■ Exercise aim: Copy the lines below word for word, skipping any image.

■ Entries provided:
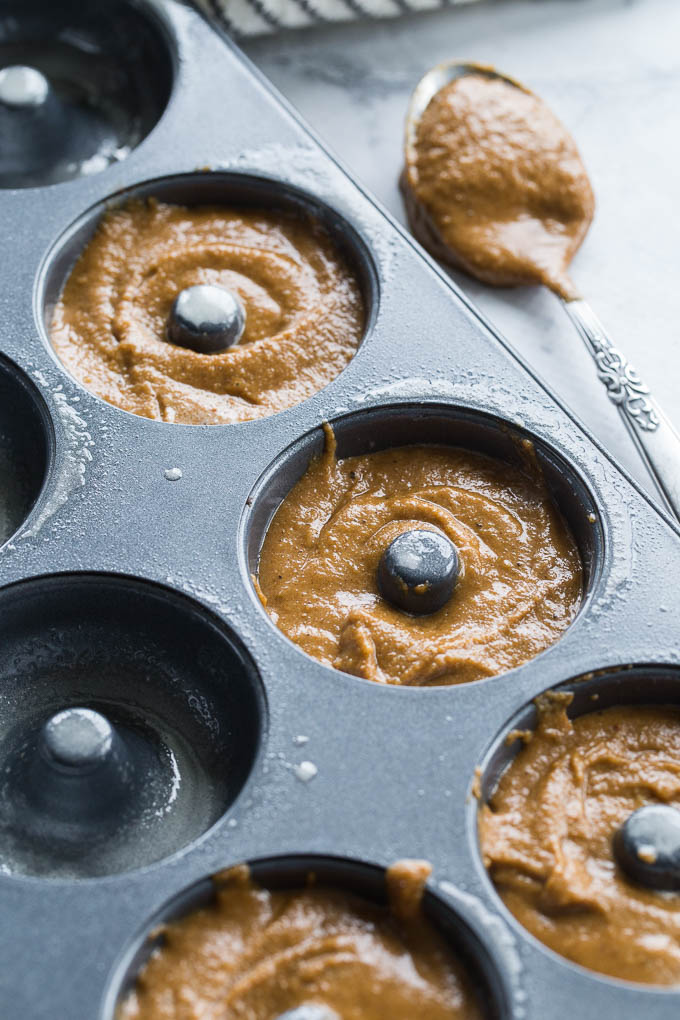 Close-up view of batter for Gingerbread Protein Donuts in a donut pan.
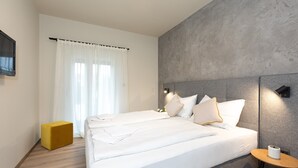 Ett modernt hotellrum med en stor säng, en liten gul pall, ett nattduksbord med en lampa och ett stort fönster med tunna, genomskinliga gardiner.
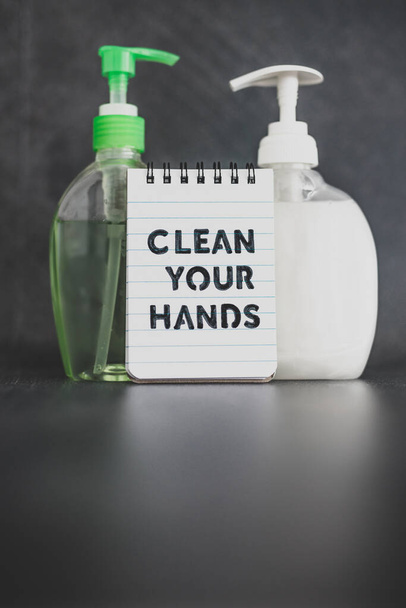 keep your hands clean to fight bacteria and viruses conceptual still-life, hand sanitizer and liquid soap next to memo with Clean your Hands text - Photo, image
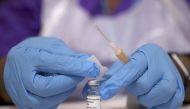 FILE PHOTO: A medical worker prepares an injection with a dose of Astra Zeneca coronavirus vaccine, at a vaccination centre in Baitul Futuh Mosque, amid the outbreak of coronavirus disease (COVID-19), in London, Britain, March 28, 2021. REUTERS/Henry Nich
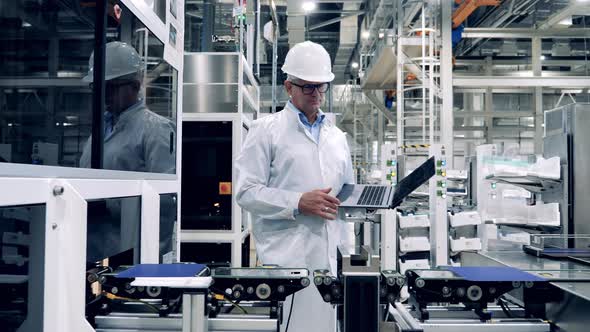 Factory Inspector with a Laptop is Observing Production of Solar Cells alt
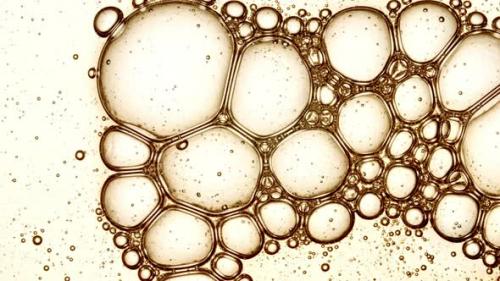 Videohive - Transparent Cosmetic Gel Fluid with Molecule Bubbles Oil Distribution Bubble Cluster Cells Under a - 47737473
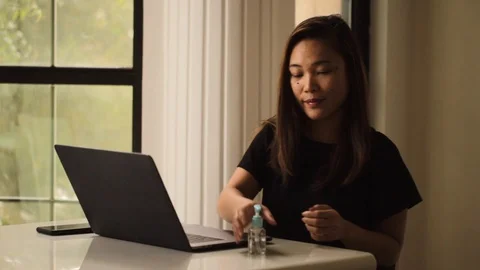 Asian lady working from home avoiding social distancing to fight coronavirus. 스톡 동영상 128086091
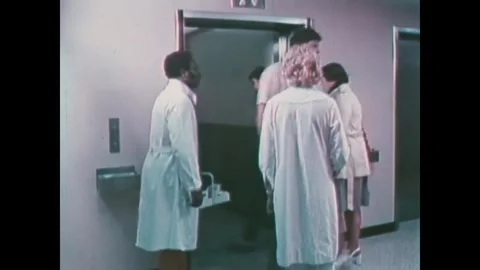 CHICAGO - 1970s - The patients board an elevator with two doctors. The patient Stock Footage 340587084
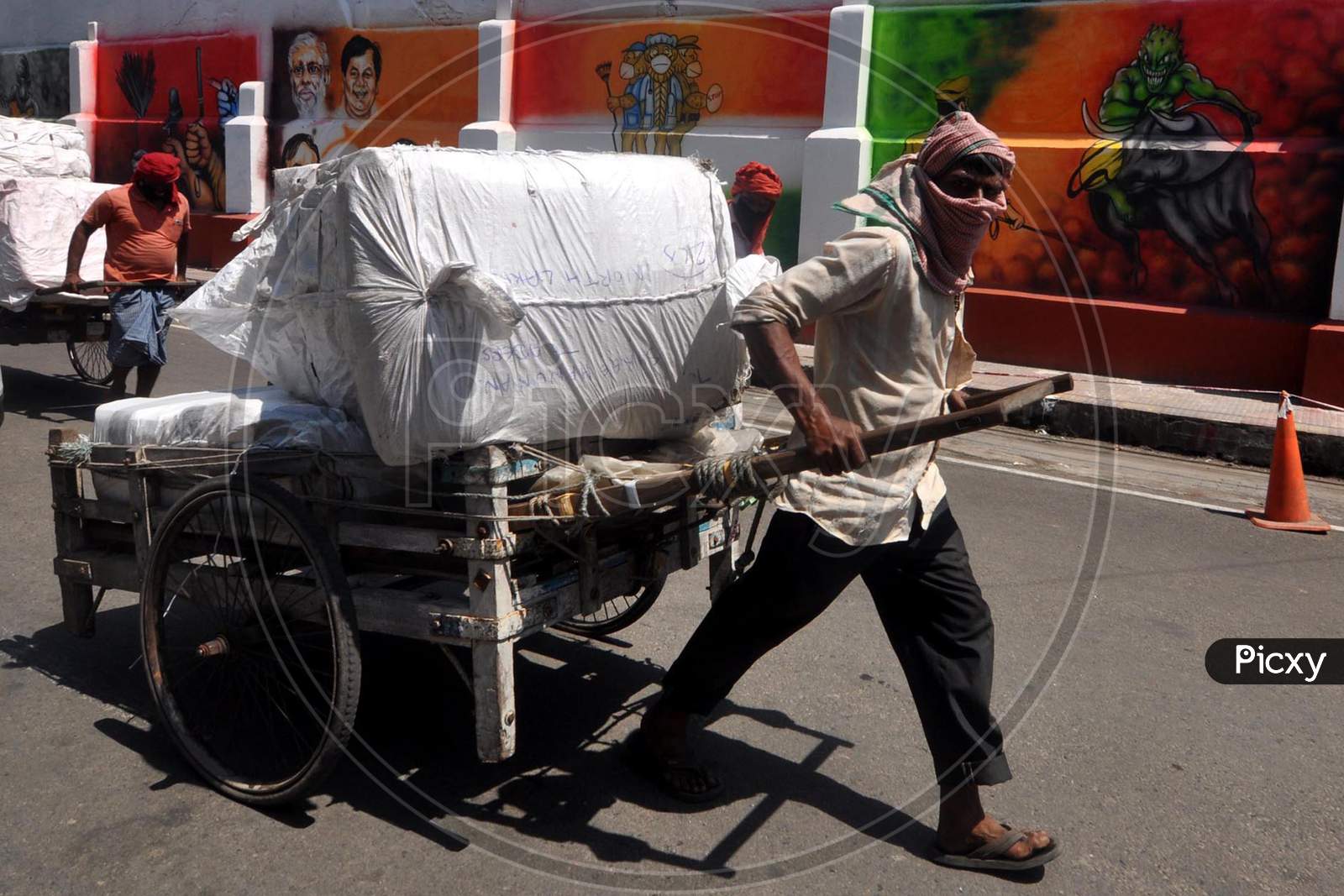 A Labour Carries Essentials Past A Mural,During Nationwide Lockdown Amidst Coronavirus Or COVID-19 Pandemic  In Guwahati, Saturday, May 09, 2020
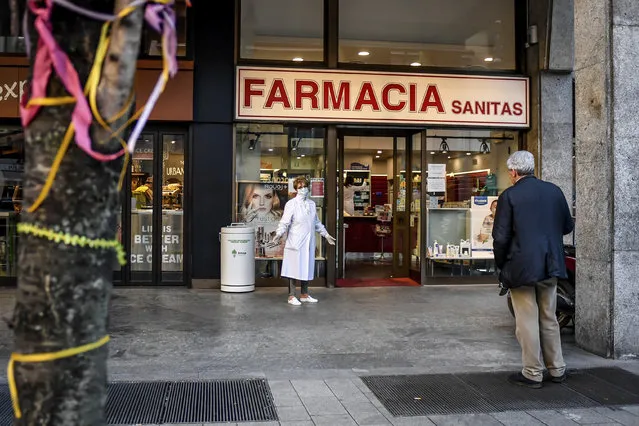 A pharmacist wears a mask as she speaks to a man keeping his distance, outside a pharmacy in Milan, Italy, Wednesday, March 11, 2020. Expressing alarm both about mounting infections and slow government responses, the World Health Organization declared Wednesday that the global coronavirus crisis is now a pandemic but also said it's not too late for countries to act. For most people, the new coronavirus causes only mild or moderate symptoms, such as fever and cough. For some, especially older adults and people with existing health problems, it can cause more severe illness, including pneumonia. (Photo by Claudio Furlan/LaPresse via AP Photo)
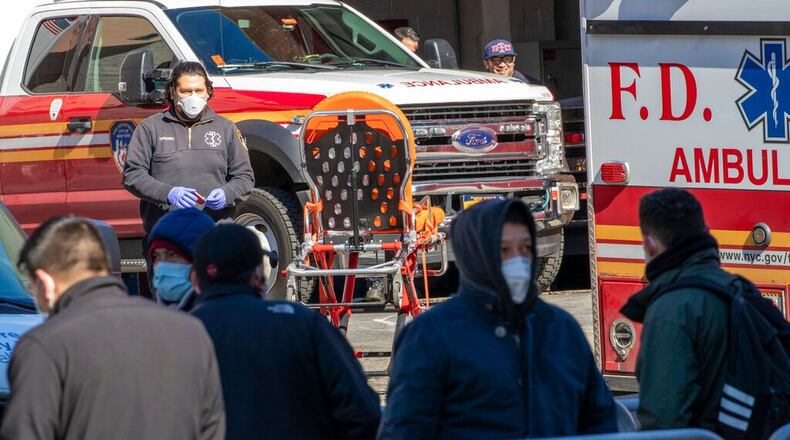 An Emergency Medical Technician works as people line up outside Elmhurst Hospital Center to be tested for the coronavirus, Tuesday, March 24, 2020, in the Queens borough of New York. New York Gov. Andrew Cuomo said the number of positive coronavirus cases in the state surged to more than 20,000, with more than half the cases in New York City.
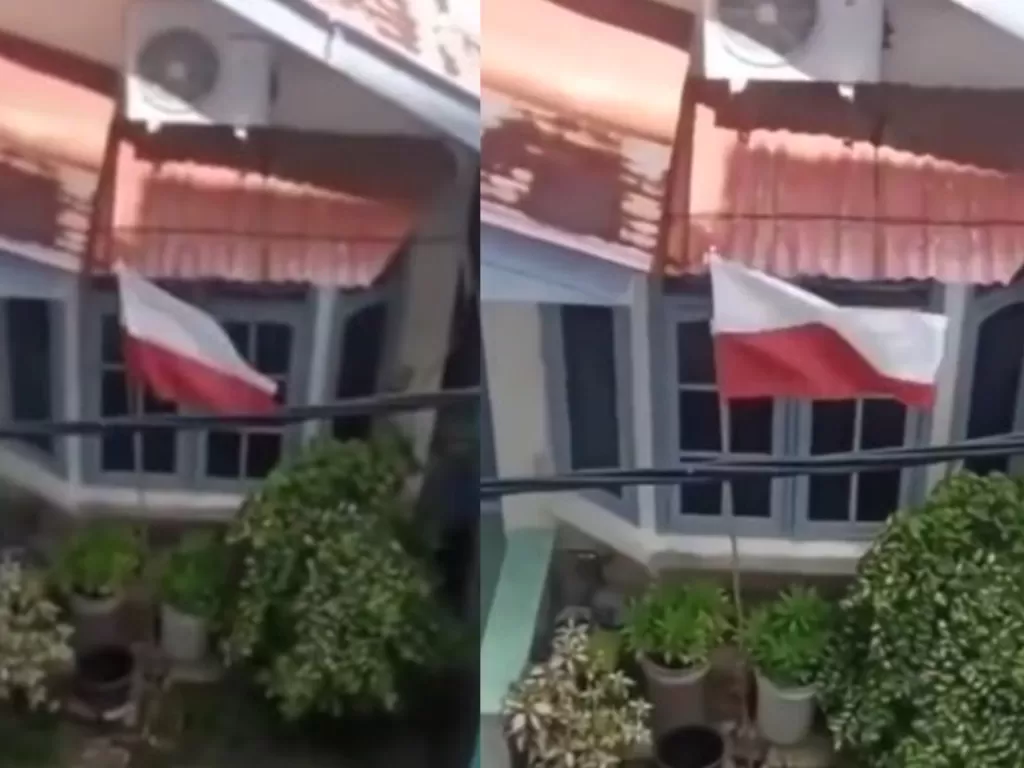 Viral seorang warga mengibarkan bendera merah putih dalam posisi terbalik. (Istimewa)
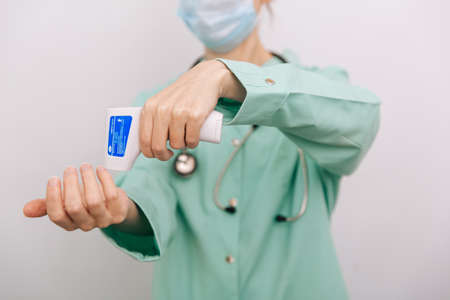 Temperature measurement gun in doctor hands. Close-up shot of doctor wearing protective surgical mask ready to use infrared isometric thermometer gun to check body temperature for virus symptomsの写真素材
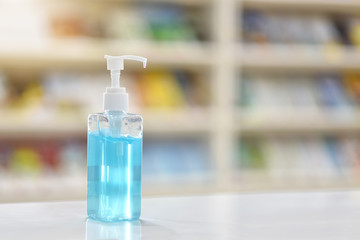 alcohol gel for hand wash On the white table in the library, classrooms and offices. protect herself from Corona virus or covit -19, Healthcare concept for safety. Soft selected focus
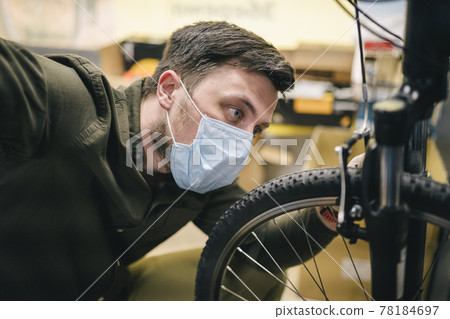 Bicycle shop repairman works in bicycle service and repair workshop during coronavirus quarantine wearing face shield and gloves, new norm. Mechanic repairing bicycle wheel wearing medical mask 78184697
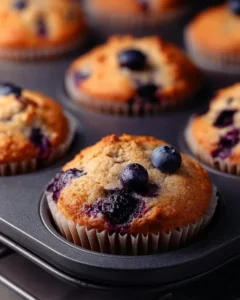Hearty blueberry protein muffins on a wooden table with fresh blueberries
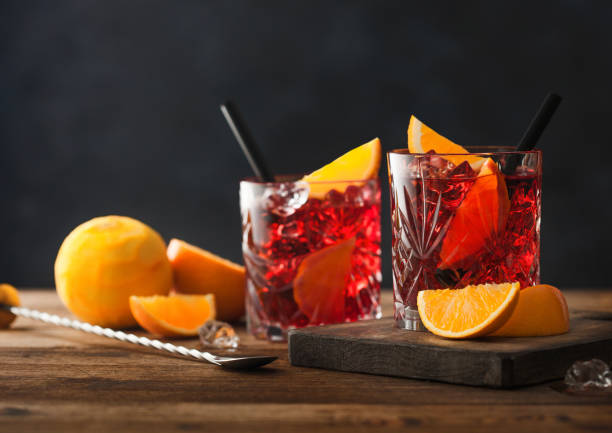 cóctel negroni en vasos de cristal con rodaja de naranja y naranjas crudas frescas sobre tabla de cortar con colador sobre fondo de madera. - summer party drink umbrella concepts fotografías e imágenes de stock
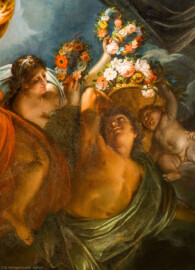 Schloss und Schlossgarten Schwetzingen - Garten - Badhaus - Von innen - Ovalsaal - Deckengemälde - Von unten - Ausschnitt aus dem Deckengemälde "Aurora vertreibt die Nacht"; rechts unterhalb der Bildmitte: Frau, Mann und Putto mit Blumenkränzen (Maler: Nicolas Guibal (1725-1784); Datierung: 1772; Signaturen: links unten "N. Guibal Lotharingus inv et fecit 1772" und rechts unten "N. Guibal Lotharingus invenit et pinxit 1772"; Öl auf Leinwand, mit vergoldeten Eichenlaubkranz eingefasst;  Restaurierungen: 1890, 1949, 2006) (Gesamter Bau: Länge x Breite ca. 18 x 14 Meter, Höhe ca. 10 Meter; Architekt: Nicolas de Pigage (1723-1796); Bauzeit: 1768-1772; Gesamtinstandsetzung innen und außen: 1999-2006) (aufgenommen im Oktober 2025, am Nachmittag)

■ Expected answer:
 Close-up view of batter for Gingerbread Protein Donuts in a donut pan.
 Ett modernt hotellrum med en stor säng, en liten gul pall, ett nattduksbord med en lampa och ett stort fönster med tunna, genomskinliga gardiner.
 keep your hands clean to fight bacteria and viruses conceptual still-life, hand sanitizer and liquid soap next to memo with Clean your Hands text - Photo, image
 FILE PHOTO: A medical worker prepares an injection with a dose of Astra Zeneca coronavirus vaccine, at a vaccination centre in Baitul Futuh Mosque, amid the outbreak of coronavirus disease (COVID-19), in London, Britain, March 28, 2021. REUTERS/Henry Nich
 Factory Inspector with a Laptop is Observing Production of Solar Cells alt
 Videohive - Transparent Cosmetic Gel Fluid with Molecule Bubbles Oil Distribution Bubble Cluster Cells Under a - 47737473
 Asian lady working from home avoiding social distancing to fight coronavirus. 스톡 동영상 128086091
 CHICAGO - 1970s - The patients board an elevator with two doctors. The patient Stock Footage 340587084
 A Labour Carries Essentials Past A Mural,During Nationwide Lockdown Amidst Coronavirus Or COVID-19 Pandemic  In Guwahati, Saturday, May 09, 2020
 A pharmacist wears a mask as she speaks to a man keeping his distance, outside a pharmacy in Milan, Italy, Wednesday, March 11, 2020. Expressing alarm both about mounting infections and slow government responses, the World Health Organization declared Wednesday that the global coronavirus crisis is now a pandemic but also said it's not too late for countries to act. For most people, the new coronavirus causes only mild or moderate symptoms, such as fever and cough. For some, especially older adults and people with existing health problems, it can cause more severe illness, including pneumonia. (Photo by Claudio Furlan/LaPresse via AP Photo)
 An Emergency Medical Technician works as people line up outside Elmhurst Hospital Center to be tested for the coronavirus, Tuesday, March 24, 2020, in the Queens borough of New York. New York Gov. Andrew Cuomo said the number of positive coronavirus cases in the state surged to more than 20,000, with more than half the cases in New York City.
 Viral seorang warga mengibarkan bendera merah putih dalam posisi terbalik. (Istimewa)
 Temperature measurement gun in doctor hands. Close-up shot of doctor wearing protective surgical mask ready to use infrared isometric thermometer gun to check body temperature for virus symptomsの写真素材
 alcohol gel for hand wash On the white table in the library, classrooms and offices. protect herself from Corona virus or covit -19, Healthcare concept for safety. Soft selected focus
 Bicycle shop repairman works in bicycle service and repair workshop during coronavirus quarantine wearing face shield and gloves, new norm. Mechanic repairing bicycle wheel wearing medical mask 78184697
Hearty blueberry protein muffins on a wooden table with fresh blueberries
 cóctel negroni en vasos de cristal con rodaja de naranja y naranjas crudas frescas sobre tabla de cortar con colador sobre fondo de madera. - summer party drink umbrella concepts fotografías e imágenes de stock
 Schloss und Schlossgarten Schwetzingen - Garten - Badhaus - Von innen - Ovalsaal - Deckengemälde - Von unten - Ausschnitt aus dem Deckengemälde "Aurora vertreibt die Nacht"; rechts unterhalb der Bildmitte: Frau, Mann und Putto mit Blumenkränzen (Maler: Nicolas Guibal (1725-1784); Datierung: 1772; Signaturen: links unten "N. Guibal Lotharingus inv et fecit 1772" und rechts unten "N. Guibal Lotharingus invenit et pinxit 1772"; Öl auf Leinwand, mit vergoldeten Eichenlaubkranz eingefasst;  Restaurierungen: 1890, 1949, 2006) (Gesamter Bau: Länge x Breite ca. 18 x 14 Meter, Höhe ca. 10 Meter; Architekt: Nicolas de Pigage (1723-1796); Bauzeit: 1768-1772; Gesamtinstandsetzung innen und außen: 1999-2006) (aufgenommen im Oktober 2025, am Nachmittag)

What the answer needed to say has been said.